DATA RECORDS Block Start

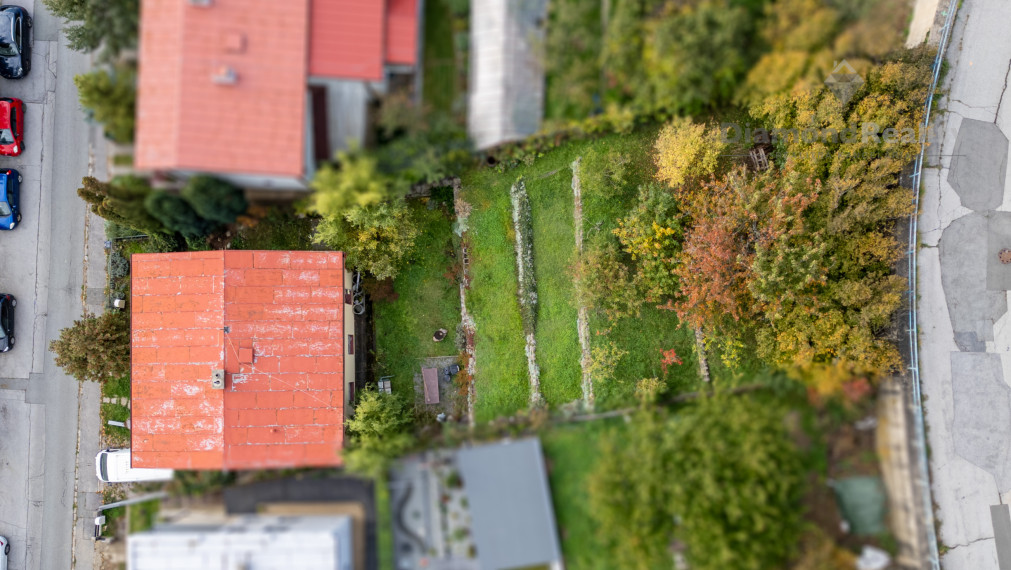 NA PREDAJ 6 IZBOVÝ RODINNÝ DOM S DVOMI BYTOVÝMI JEDNOTKAMI | PODHRADOVÁ | UL. VIHORLATSKÁ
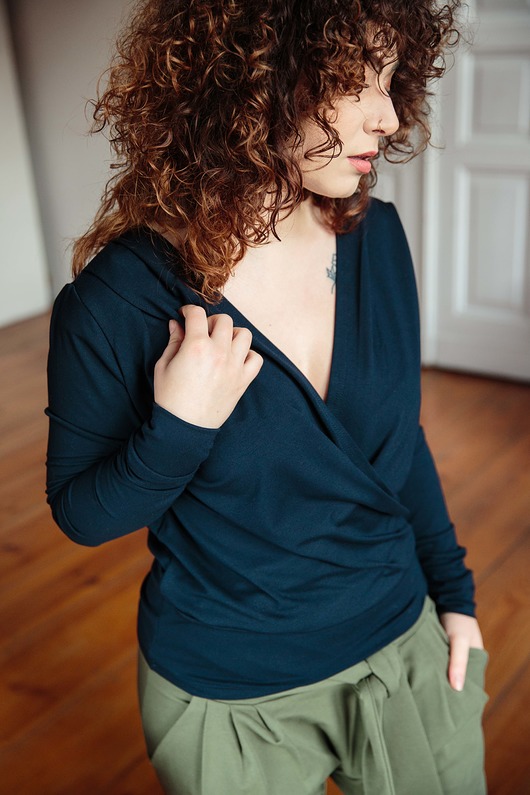 Sweter LISBON czarny By Your Side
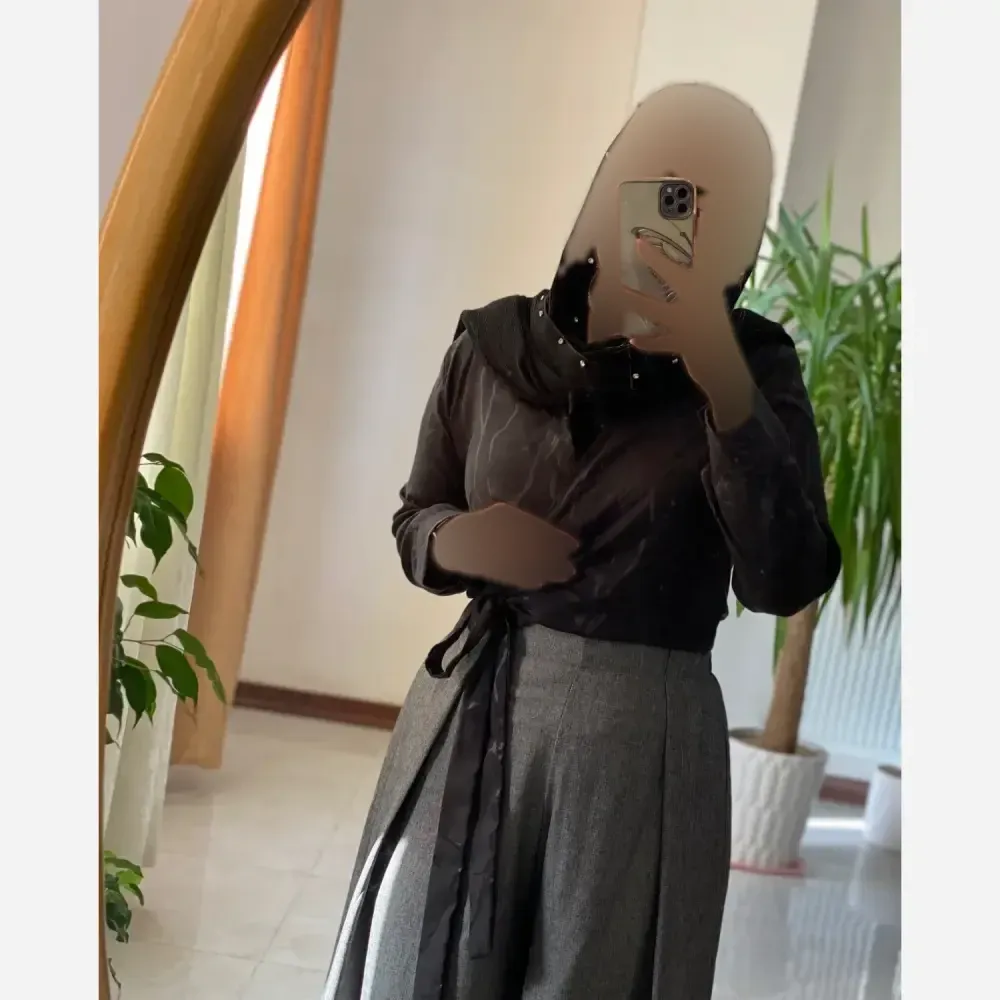 شومیز زنانه بنددار مدل الاله جنس صوفیا ژاکارد رنگ مشکی سایز فریسایز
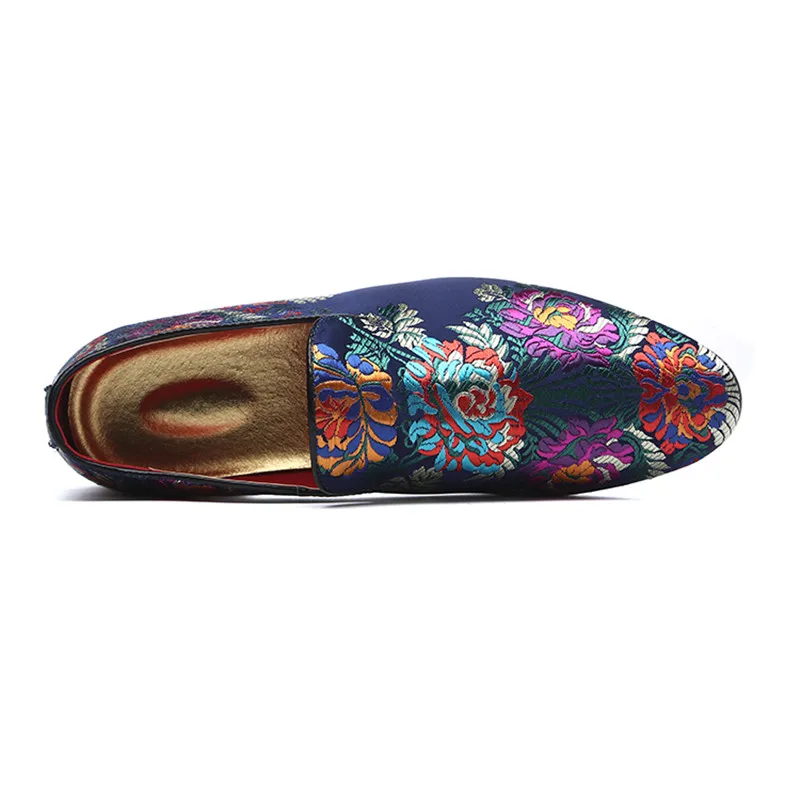 New Men Suede Loafers Classic Embroidery Pattern Men's Flats Shoes Large Size 37-48 Comfortable Casual Dress Footwear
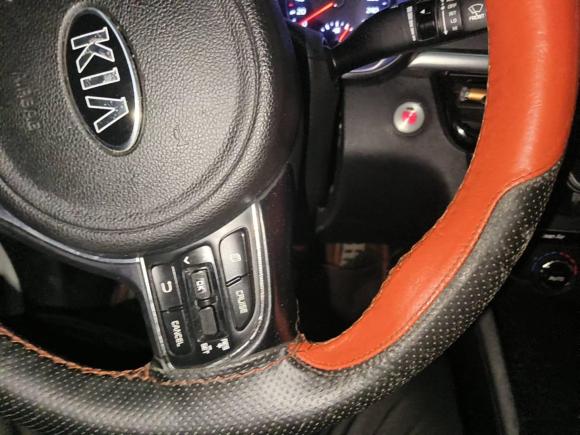 [南通·苏F] 二手起亚起亚K52016款 2.0L 自动LUX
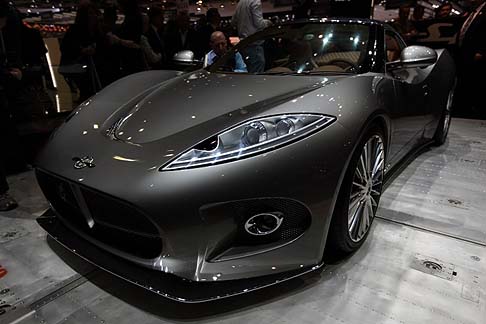 Spyker - La Spyker B6 Venator Concept adotta un V6 dalla potenza di oltre 375 CV, montato trasversalmente e abbinato a un cambio automatico a sei marce e trazione posteriore. width=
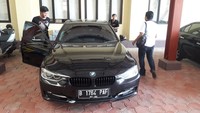 Berdasarkan data dari laman Informasi Data Kendaraan dan Pajak Kendaraan Bermotor Provinsi DKI Jakarta Polda Metro Jaya, mobil BMW bernopol B-1764-PAF tersebut teregister atas nama PT Vektordaya Mekatrika. Kepemilikan mobil tersebut merupakan kendaraan pertama dengan nilai pajak sebesar Rp7.708.000.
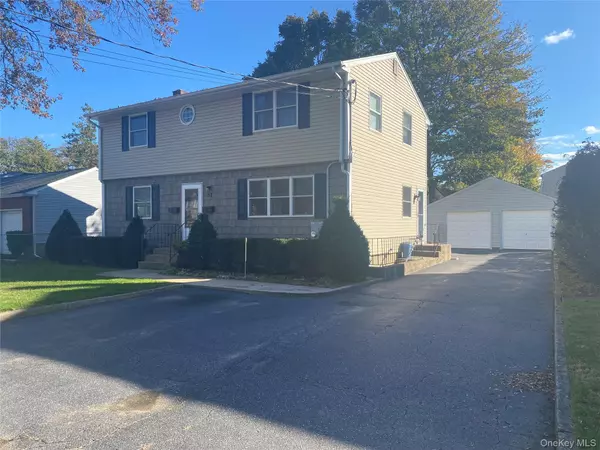 East Northport, NY 11731,52 Grand PL #B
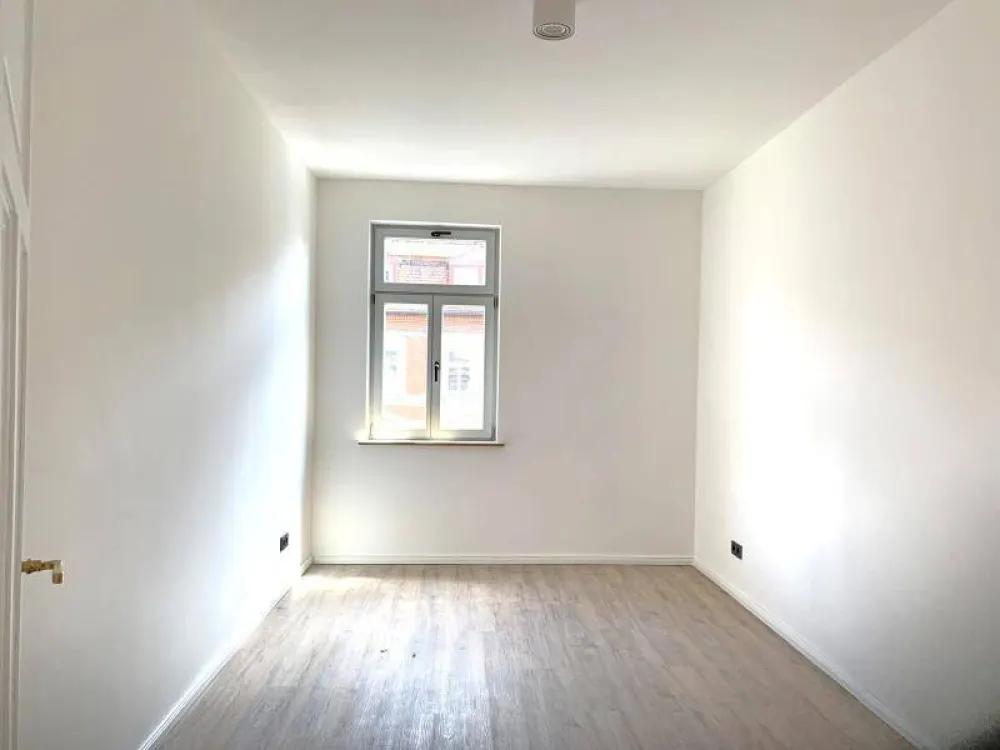 N-Steinbühl: Erstbezug! Schön & hell: 3-Zi-Whg., 1.OG (m.A.), Balkon, Einbauküche, Kühlung, Stpl.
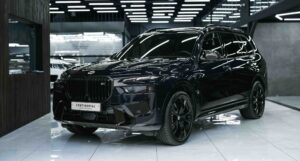 BMW X7 M60i
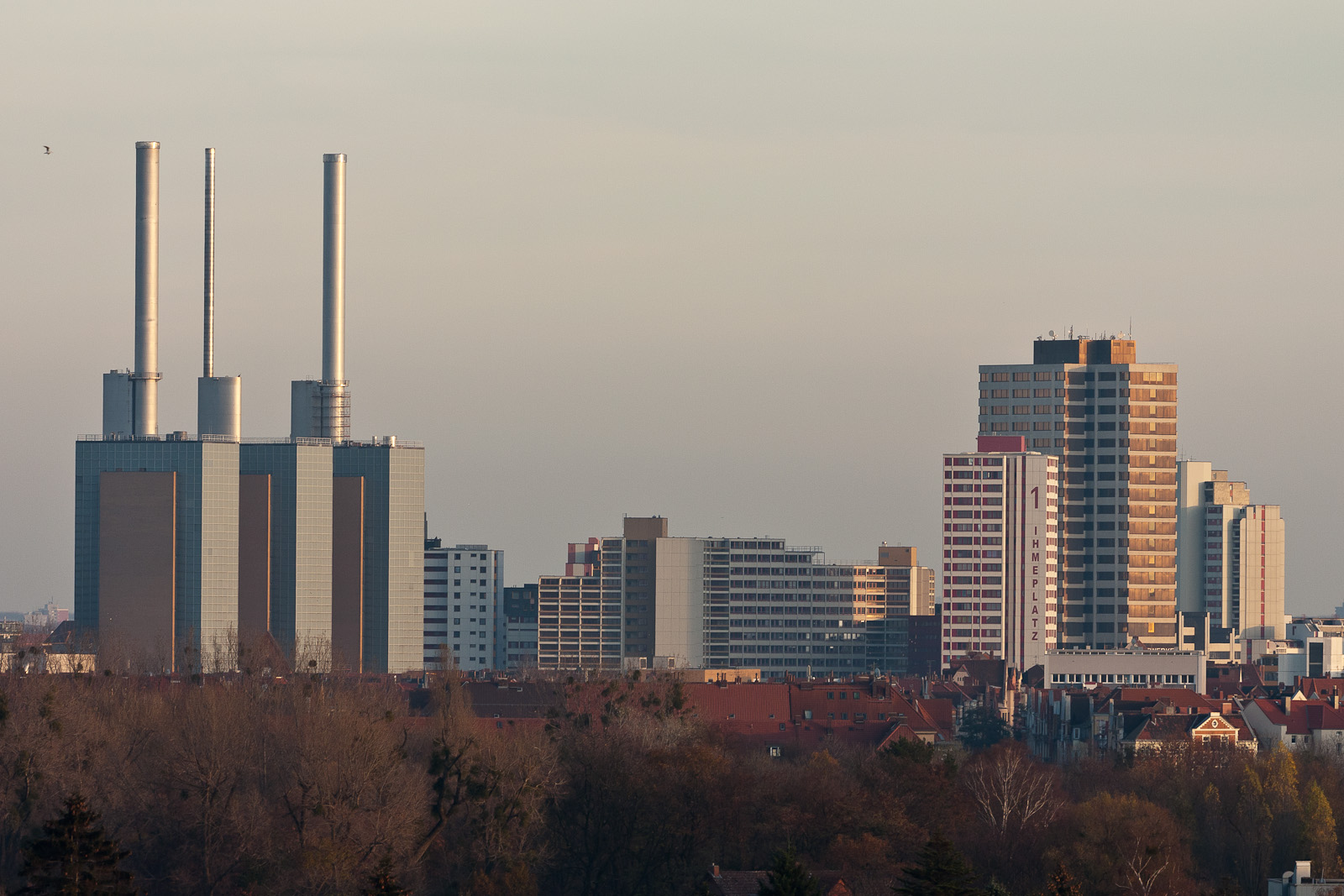 Die drei warmen Brüder und das Ihmezentrum Hannover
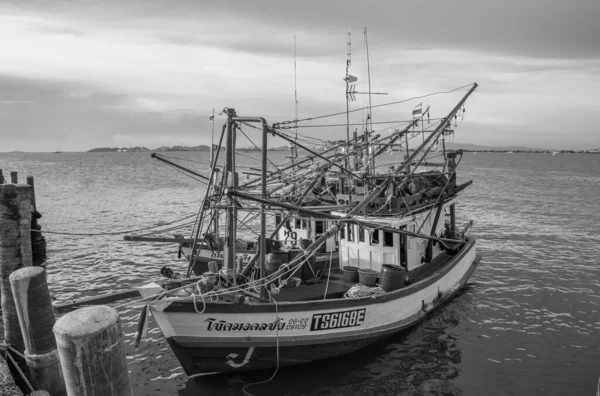 Thaise Vissersboot Een Pier Thailand Zuidoost Azië — Stockfoto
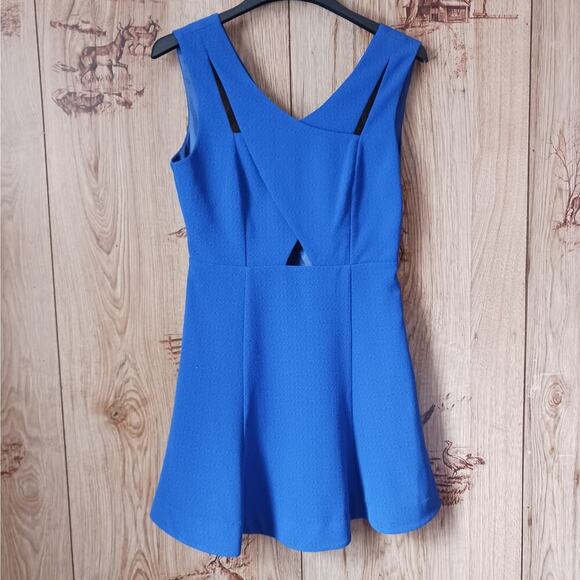 J.O.A Colbalt Blue Cut Out Sleeveless Fit Flare Dress Size Medium - Picture 1 of 8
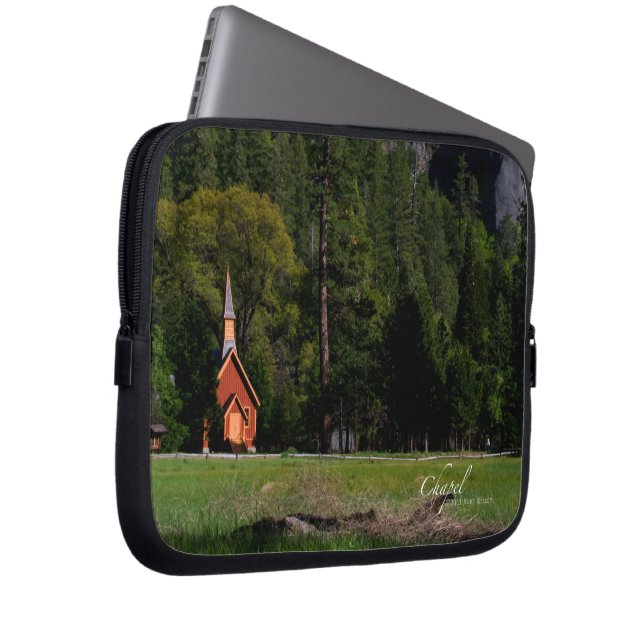 Kapelle bei Yosemite Laptopschutzhülle (Vorne Rechts)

DATA RECORDS Block End

## WORK ITEM
Please quote exactly the run of lines that starts the entries and ends at the line containing "East Northport, NY 11731,52 Grand PL #B", leaving out every picture.

## SOLUTION
 NA PREDAJ 6 IZBOVÝ RODINNÝ DOM S DVOMI BYTOVÝMI JEDNOTKAMI | PODHRADOVÁ | UL. VIHORLATSKÁ
 Sweter LISBON czarny By Your Side
 شومیز زنانه بنددار مدل الاله جنس صوفیا ژاکارد رنگ مشکی سایز فریسایز
 New Men Suede Loafers Classic Embroidery Pattern Men's Flats Shoes Large Size 37-48 Comfortable Casual Dress Footwear
 [南通·苏F] 二手起亚起亚K52016款 2.0L 自动LUX
 Spyker - La Spyker B6 Venator Concept adotta un V6 dalla potenza di oltre 375 CV, montato trasversalmente e abbinato a un cambio automatico a sei marce e trazione posteriore. width=
 Berdasarkan data dari laman Informasi Data Kendaraan dan Pajak Kendaraan Bermotor Provinsi DKI Jakarta Polda Metro Jaya, mobil BMW bernopol B-1764-PAF tersebut teregister atas nama PT Vektordaya Mekatrika. Kepemilikan mobil tersebut merupakan kendaraan pertama dengan nilai pajak sebesar Rp7.708.000.
 East Northport, NY 11731,52 Grand PL #B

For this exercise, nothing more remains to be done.